Odissea per un ladispolano che ancora oggi, a distanza di anni, si ritrova a dover fare i conti con gli intoppi della burocrazia della pubblica amministrazione. Come riportato da civonline.it, l’uomo nel 2015 ha preso una multa per aver superato il limite di velocità consentito in una strada su cui stava viaggiando. Ma la multa in questione anziché essergli recapitata dove si trovava in quel momento, a 700 chilometri di distanza da Ladispoli per motivo di lavoro, l’hanno recapitata a casa a Ladispoli, dove non poteva tornare per il periodo di lavoro. A scoprire che si trattava di una multa ci sono voluti circa quattro anni e il conto pignorato. Solo quando non ha più potuto prelevare i soldi dal conto e ha visto sequestrata la sua auto, dopo svariate chiamate è riuscito a capire che si trattava di una multa di 400 euro presa nel 2015. In quel momento il malcapitato ha provato a chiedere alla società che si occupa della riscossione delle multe stradali per conto del Comune di far sbloccare alla sua banca il conto con la promessa di pagare entro due giorni, ma niente da fare. L’odissea, come riportato sempre da civonline, è proseguita per altri 8 giorni. Solo dopo una settimana l’utente è riuscito a ritirare la raccomandata dove era allegato il bollettino da pagare (soldi che nel frattempo la società aveva prelevato forzatamente dal suo conto). Il verbale inoltre era scritto in modo strano: diversi caratteri, e incongruenze, come se fosse un copia e incolla di altri provvedimenti.
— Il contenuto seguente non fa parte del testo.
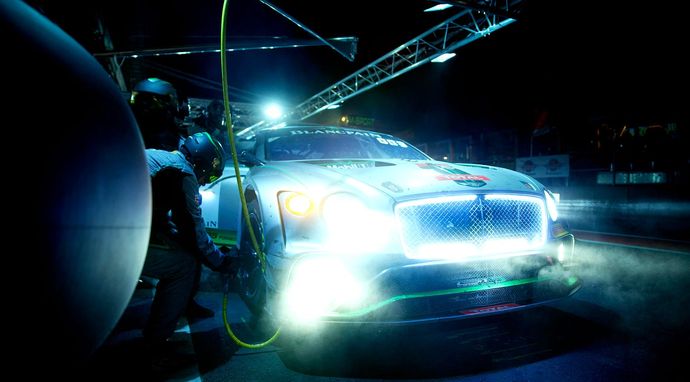 Endurance - 24 Hours at Spa 2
Dopo l’ennesima pec finalmente la società aveva provveduto a chiedere alla banca dell’uomo di “liberargli” il conto. Ma il danno ormai era fatto: a causa di quel conto congelato era diventato un cattivo pagatore. L’utente che voleva vederci chiaro, ha chiesto e protocollato al Comune, la richiesta di accesso agli atti per verificare il capitolato d’appalto relativo alla società in questione. Ma degli atti, nonostante il parere positivo del difensore civico in possesso del Comune, nessuna traccia.